** Task instructions **
Give back exactly the lines from the one that holds "Used 2025 Chevrolet" through the final line of the data; omit the pictures and add nothing.
== Extracted data
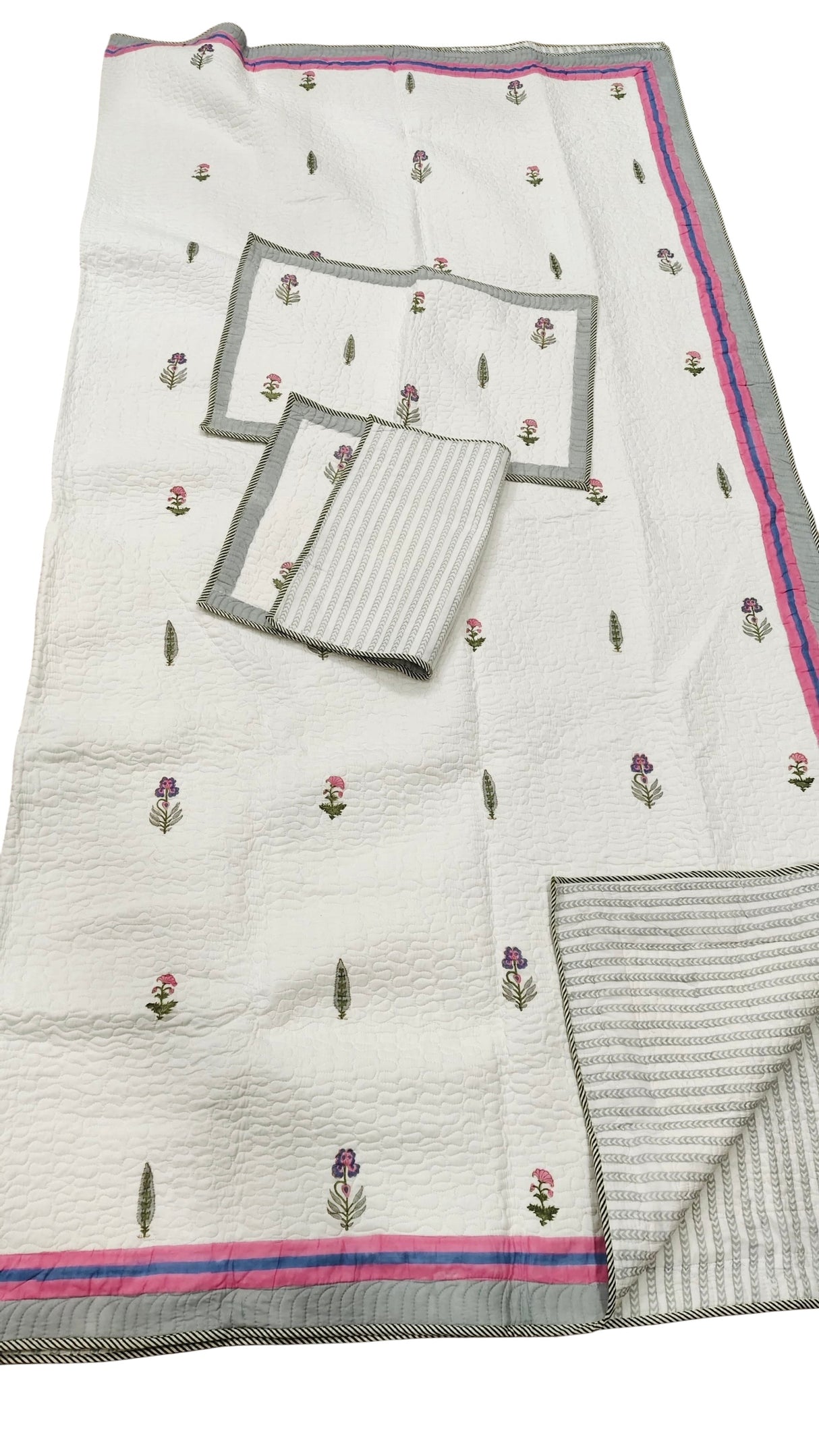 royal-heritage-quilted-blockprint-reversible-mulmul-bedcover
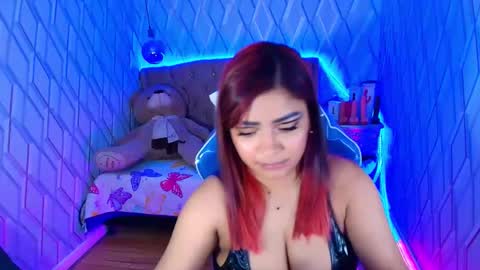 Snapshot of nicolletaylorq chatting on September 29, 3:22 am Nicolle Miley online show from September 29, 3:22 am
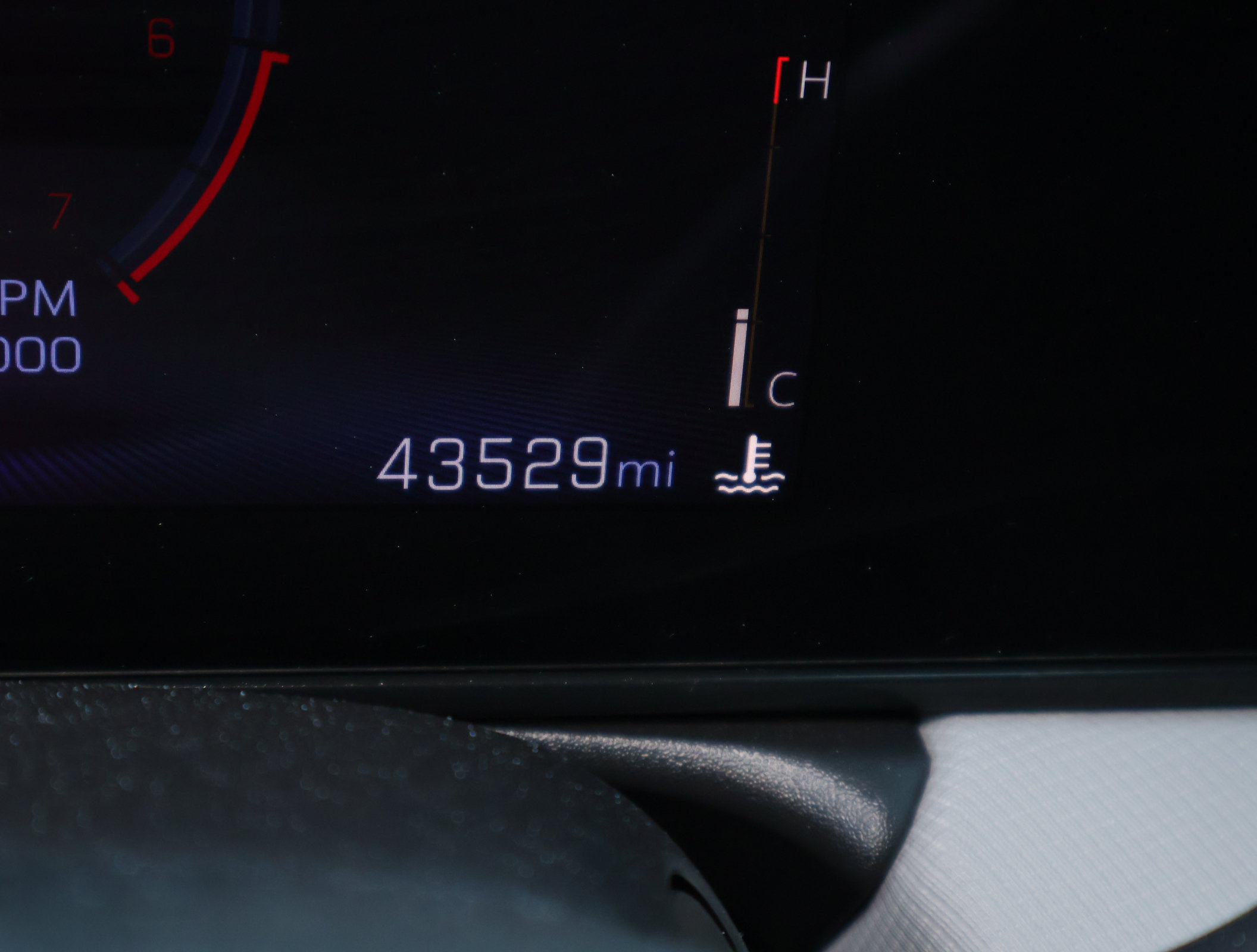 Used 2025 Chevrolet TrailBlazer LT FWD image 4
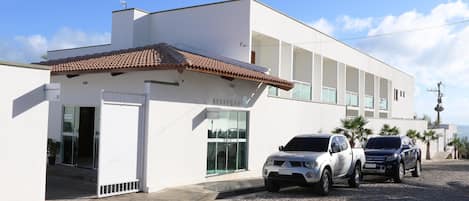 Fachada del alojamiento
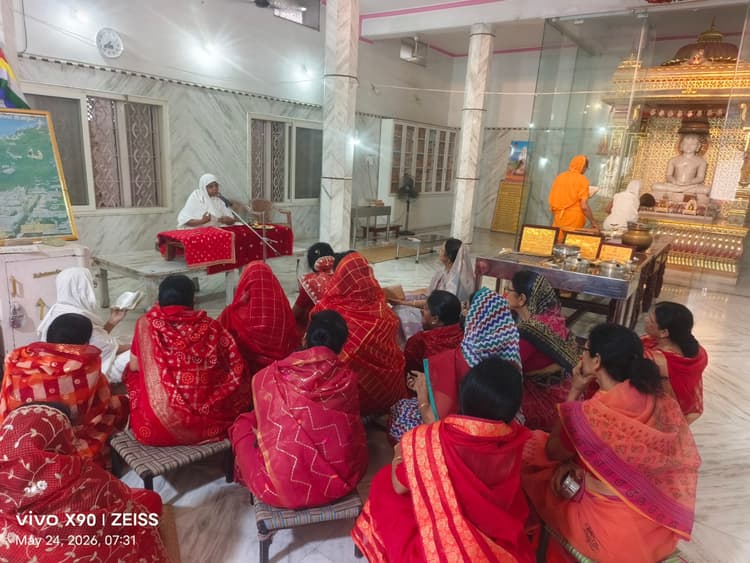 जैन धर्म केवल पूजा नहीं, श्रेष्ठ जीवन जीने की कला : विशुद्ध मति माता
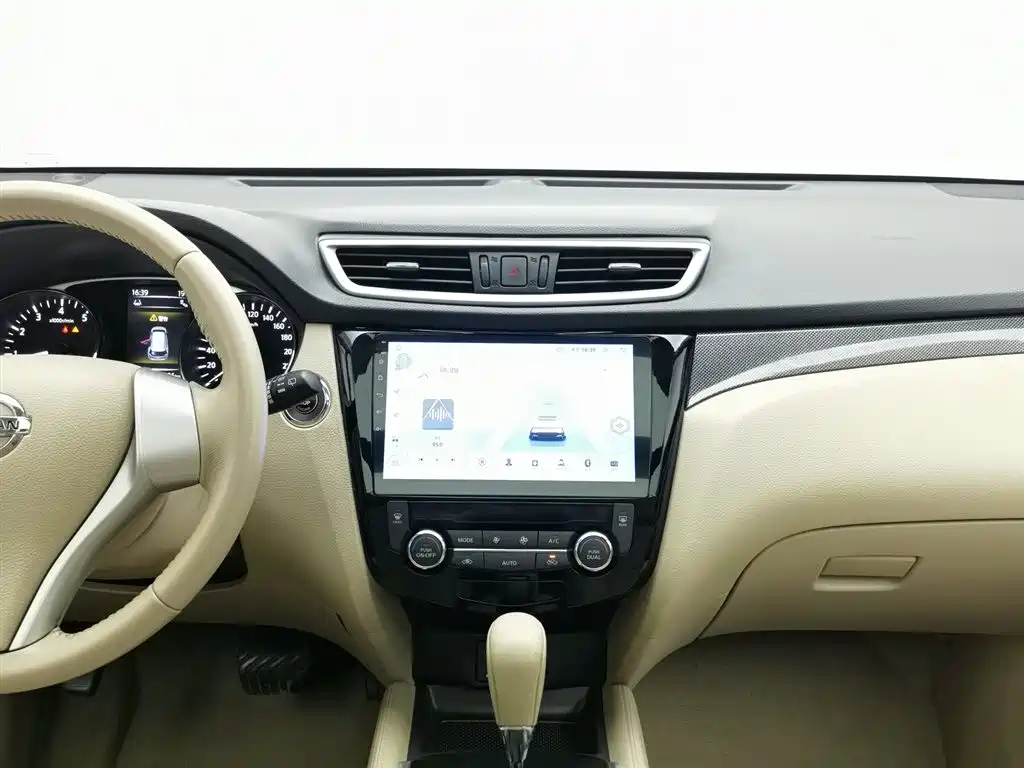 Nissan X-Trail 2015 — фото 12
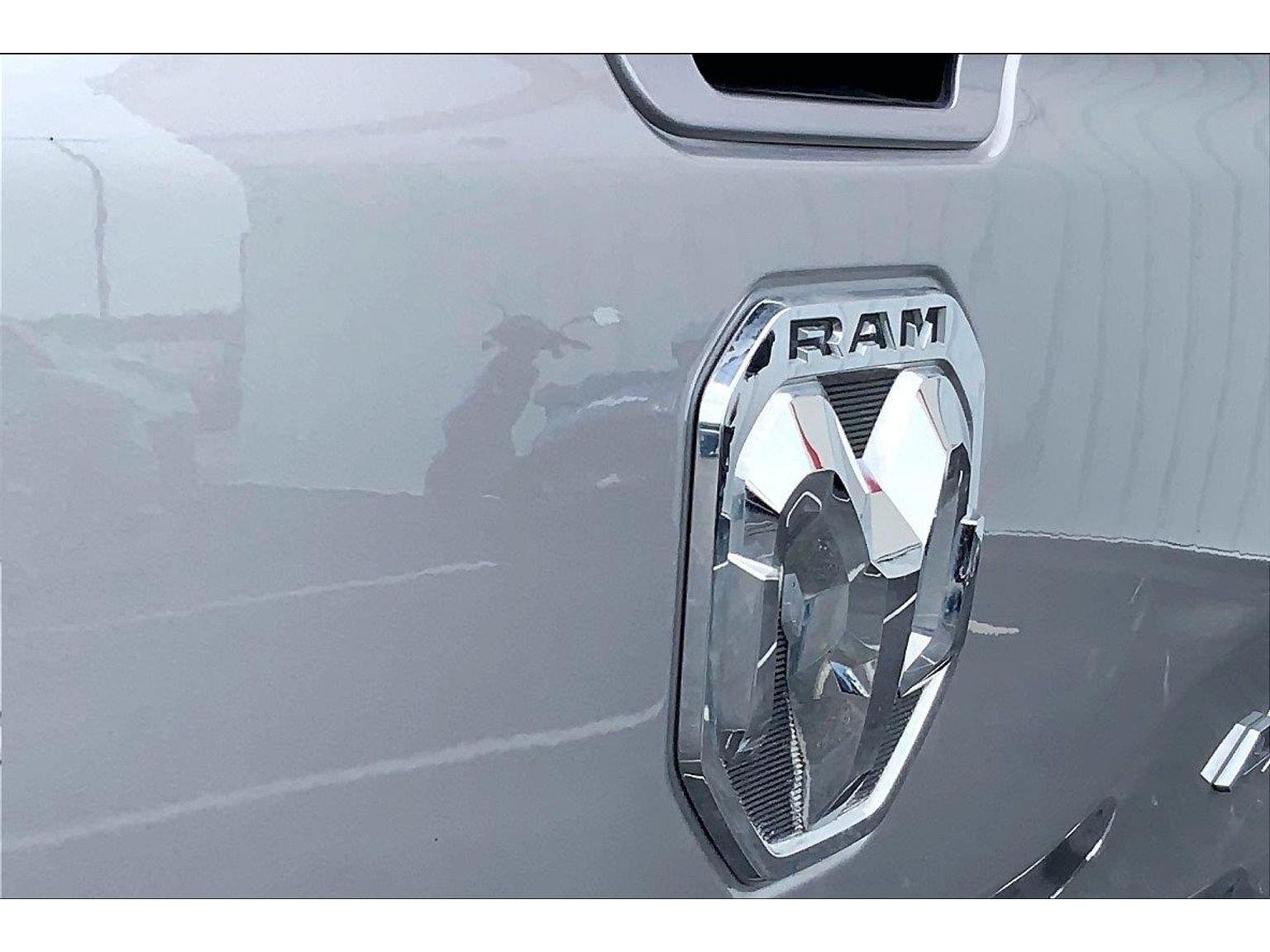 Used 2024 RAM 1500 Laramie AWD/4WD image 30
====
** Output below **
 Used 2025 Chevrolet TrailBlazer LT FWD image 4
 Fachada del alojamiento
 जैन धर्म केवल पूजा नहीं, श्रेष्ठ जीवन जीने की कला : विशुद्ध मति माता
 Nissan X-Trail 2015 — фото 12
 Used 2024 RAM 1500 Laramie AWD/4WD image 30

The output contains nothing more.